Scrapheap Challenge for Everyday Security

Session Organisers:   Lizzie Coles-Kemp (Royal Holloway University of London) and Debi Ashenden (Cranfield University).

This session will share and explore the design and evaluation of artifacts used in innovative research methods to co-produce with communities our understandings of ‘everyday’ security.  The term ‘everyday security ‘ relates to security achieved by people on their own terms without institutional intervention to protect aspects of space and place.   The session will offer an opportunity to present these research methods in a variety of formats and will facilitate an open discussion.

Background

Notions of everyday security have resonance across several disciplines ranging from studies of identity in social and cultural geography (Hoogensen and Rottem, 2004, Massey 2004), to sociologies of the everyday (e.g. Shove et al. 2012, Lefebvre 1971, Blanchot 1987, De Certeau 2011) and theories of relationship maintenance (e.g Zimmerman 2010, Bhandari and Bardzell 2008 and Kjeldskov et al. 2005).  Everyday security has a particularly sharp focus in the area of technology design where security technologies are primarily still regarded as imputing a set of paternalistic values not necessarily shared by the communities that use these technologies (Lacy and Prince 2013, Coles-Kemp and Ashenden 2012). Danish HCI researchers  Niels Mathiasen and Susanne Bodker  (Mathiasen and Bodker 2011) went further and linked notions of the everyday with wider feelings of ontological security, arguing that if everyday security practices are to be supported through artifacts (digital or otherwise) designers need to better understand security for the individual in terms of ontological security.

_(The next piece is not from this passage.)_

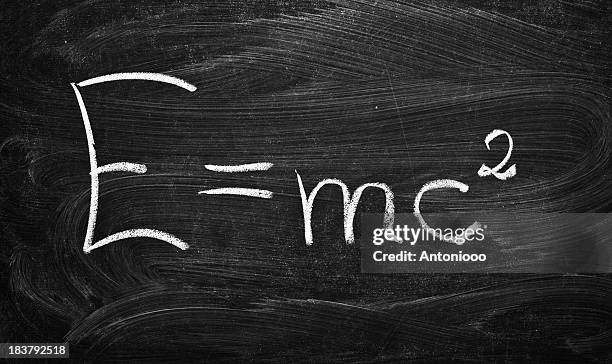 e = mc2 - einstein photos et images de collection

Coles-Kemp and Ashenden (2012) discovered that the more sympathetic research methods are to the everyday lives of participants, the more willing participants are to engage in data collection activities and the higher the quality of the data. This is particularly true for communities that feel excluded or disadvantaged in research participation. In particular methods such as cartoons, video, music and collage have proved particularly powerful methods of engagement, data collection and analysis.

Call for Artifacts

Contributions are requested in the form of a rich visual description of the artifact and an explanatory abstract. We welcome contributions from geography, design, security or any other related areas.  The artifact might be used as a research tool, engagement tool or as a visualisation of an insight or concept etc. There is no limit to the format of artifacts but each contribution should consist of a rich visual description of the artifact, together with an explanatory abstract.  Contributions could focus on, but are not limited to:

·      Ways of engaging with research participants

·      Approaches to data collection

·      Tools for data analysis

Format

The session will be run using a World Café format where participants will move round the room discussing each artifact with its creator. Each selected collection of visual description, artifact and abstract will be displayed. Feedback will be given both verbally and in the completion of postcards. The feedback will focus on how the artifact might be evaluated in terms of its research function and its form. The postcards will be used to create a wall collage of the narrative of the session.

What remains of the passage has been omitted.